The next morning around 8am we got out Tomo’s surf boards and went to the beach. I was tossed back and forth by the waves, eventually getting knocked off in front of my board that came crashing into me when it got caught in a huge wave. It cracked me in the ribs, knocking the wind out of me and generally convincing me that the Pacific Ocean didn’t want me back. I crawled out and laid on the beach in pain and waited for Tomo, who also got cracked by the board in his jaw. We limped back to the car after about an hour and a half; my whole body was raw and pink and sore, but I managed to smile for this picture as evidence of the trip.
We made it back to Tomo’s house, where I tried to shower but was basically unable to touch my body without screaming. We sat around for a few more hours; I wasn’t sure what we were waiting for, but eventually I figured out that Tomo’s dancing lessons weren’t until late in the evening, and that I would have to wait until the following day to do any Tokyo exploration on my own. I snapped some pictures of Tomo dancing, and played some games on my phone and basically tried to pass the time. When the lessons were almost finished it occurred to me to check if there was wifi around; I had gotten so used to assuming there wouldn’t be that I hadn’t even bothered to check. And there was, and it was fast with a strong signal. And which I was about to leave. I shot off an email or two and then logged back out.
It took another hour or so to get into Tokyo, at a rather large apartment that was clearly the business headquarters for Tomo’s old construction and carpentry business, cluttered with old paperwork and even older computers. Kosuke met up with us there, and brought my luggage, which was wonderful to have back in my possession. The apartment was not where I’d be living, and was currently occupied by Tomo’s daughter, who met up with us along with Tomo’s nephew (making them my Aunt and Uncle, respectively, though both were younger than me) at an Izakaya/Karaoke bar near the apartment. Everyone in the place knew Tomo well, and I settled in for another night of drinking heavy drinking on Tomo’s dime.

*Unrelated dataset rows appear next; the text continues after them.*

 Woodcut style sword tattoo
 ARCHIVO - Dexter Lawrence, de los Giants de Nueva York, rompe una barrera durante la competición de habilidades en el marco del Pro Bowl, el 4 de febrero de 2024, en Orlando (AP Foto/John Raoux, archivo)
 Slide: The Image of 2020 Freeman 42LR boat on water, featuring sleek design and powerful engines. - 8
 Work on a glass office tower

At this point, almost 4 days into the trip, I had yet to spend a dime of my own money apart from the fumbled phone calls in the airport.

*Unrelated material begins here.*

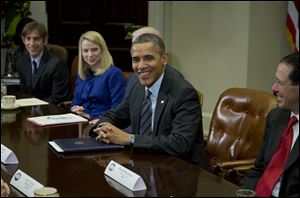 President Barack Obama meets with technology executives in the Roosevelt Room the White House in Washington, today.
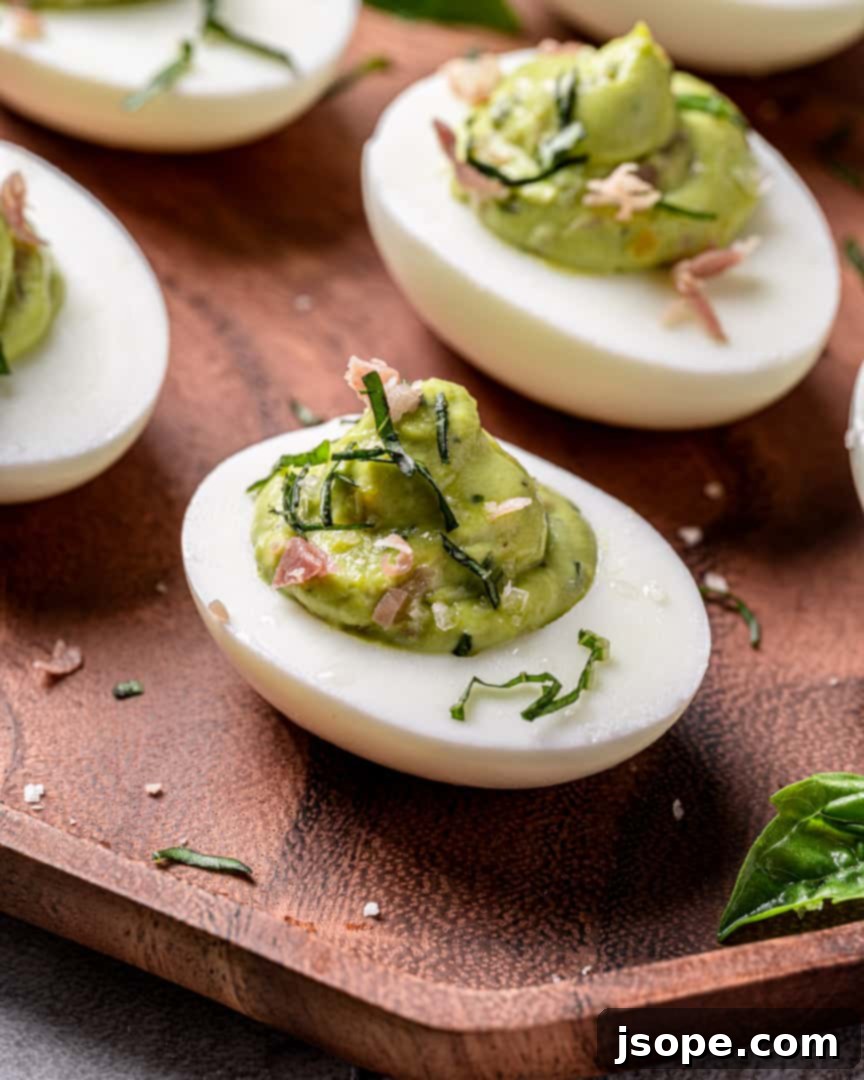 Close-up of a platter of Green Eggs and Ham Deviled Eggs garnished with fresh basil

They convinced me to sing a song, and they happened to have Bryan Adams, and though no one in the place knew the song I belted it out with some major feeling.

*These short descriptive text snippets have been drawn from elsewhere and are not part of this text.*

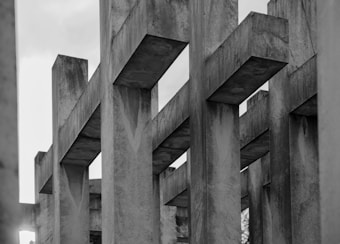 A series of large, rectangular concrete beams arranged in a geometric pattern, creating a sense of depth and perspective. The structure is composed of repetitive vertical and horizontal lines that converge in the center. The surface of the concrete appears weathered, with visible textures and stains.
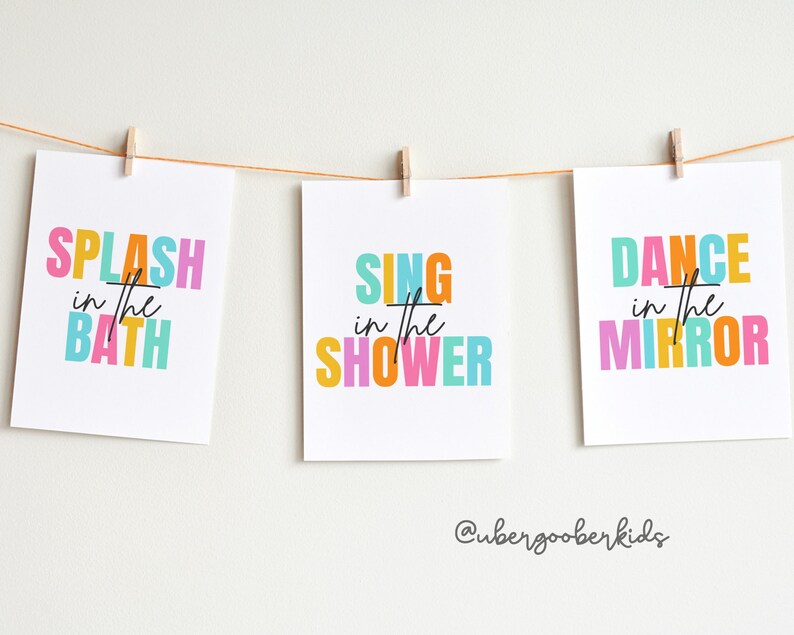 May include: Three colorful printable wall art prints with the text "Splash in the Bath", "Sing in the Shower", and "Dance in the Mirror".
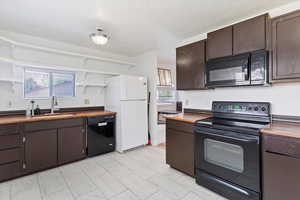 Kitchen featuring open shelves, electric appliances, and laminate countertops
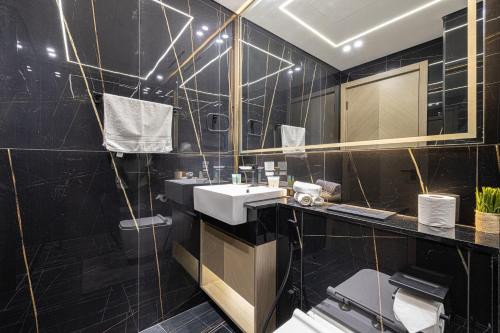 a black bathroom with a sink and a mirror at 1-Bed in Binghatti Crescent, Next to Circle Mall in Dubai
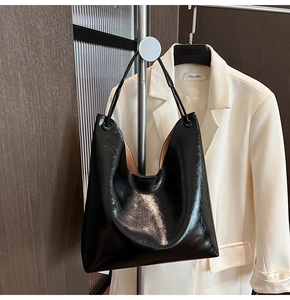 Detail of glossy black patent leather hobo tote bag with fine texture on metal stand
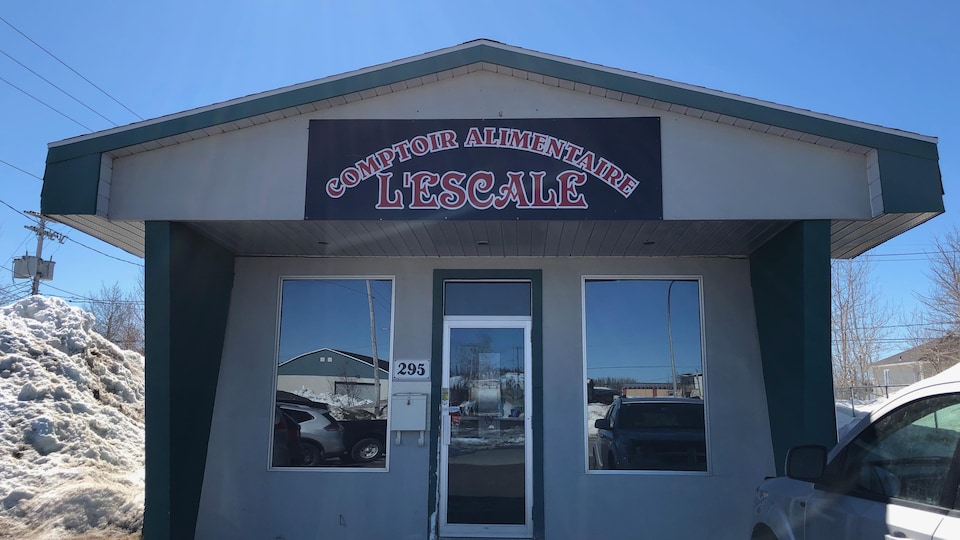 Un bâtiment sobre avec une affiche identifiant le comptoir alimentaire. 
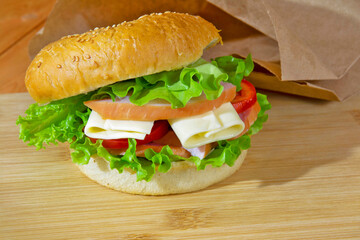 brisket sandwich with tomato and cheese and lettuce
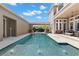 Beautiful backyard swimming pool with blue tile, surrounded by a patio and lush landscaping at 13661 Granger Ave, Orlando, FL 32827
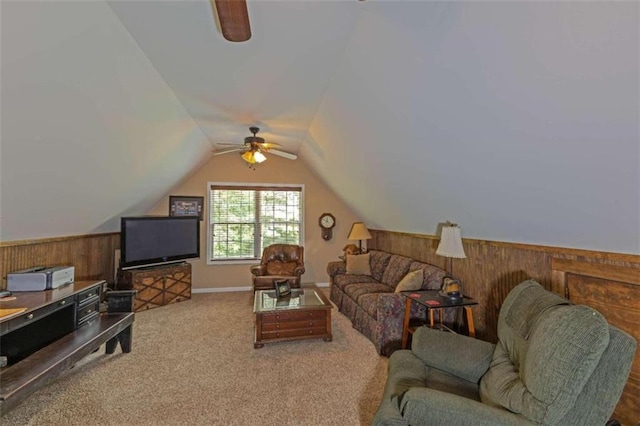 living room featuring carpet, lofted ceiling, and ceiling fan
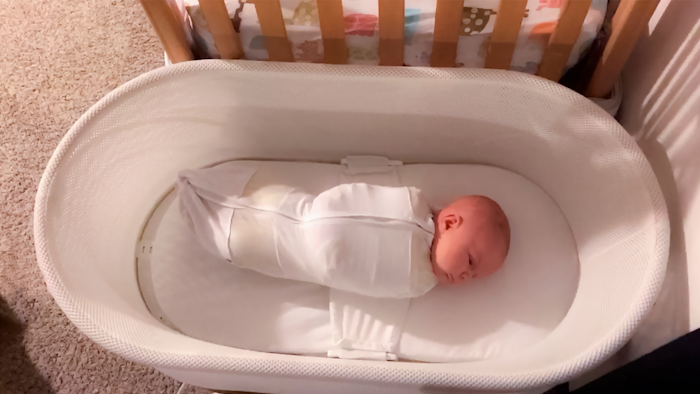 This Jan. 3, 2017 photo released by Paul Zalewski shows his infant daughter Ruby in a smart-tech sleeper called the Snoo, which gently rocks and jiggles babies to sleep from birth to 6 months old.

The red lantern says “izakaya” which means it serves drinks and Japanese bar food.
I have no idea what to do with a traditional Japanese toilet. I didn’t even try.
At a certain point, people got very drunk and asked to put on my hat and glasses and tried to look like me. Apparently I look like a goofy Asian nerd even to Japanese people.
After they took pictures looking like me I felt comfortable enough to take a picture with the hostess of the bar, who was in very thick makeup. She then served us a plate of fried chicken, and yelled “MY CHICKEN” loudly as she laid it down.
That night we slept on the floor of the construction shop. My body ached and I was unable to find a way to lay down without hurting badly. I eventually passed out from exhaustion. It took me twenty minutes to sit up the next morning, and another 45 minutes to delicately shower. It would be the last hot shower I would take in Japan.
Tomo took Kosuke and I to the little apartment in Aoi. It was entirely empty- no furniture whatsoever, no toilet paper, no hot water. It had two rooms, each with a working air conditioner. We brought a thin futon over from Tomo’s other apartment, and luckily I had packed some toilet paper in my luggage (which they laughed at, but damn it it was a good thing I was prepared). Tomo then handed over the keys, and the place was mine. Kosuke and I went back to Minami-Senju, and started to plan out the next few days.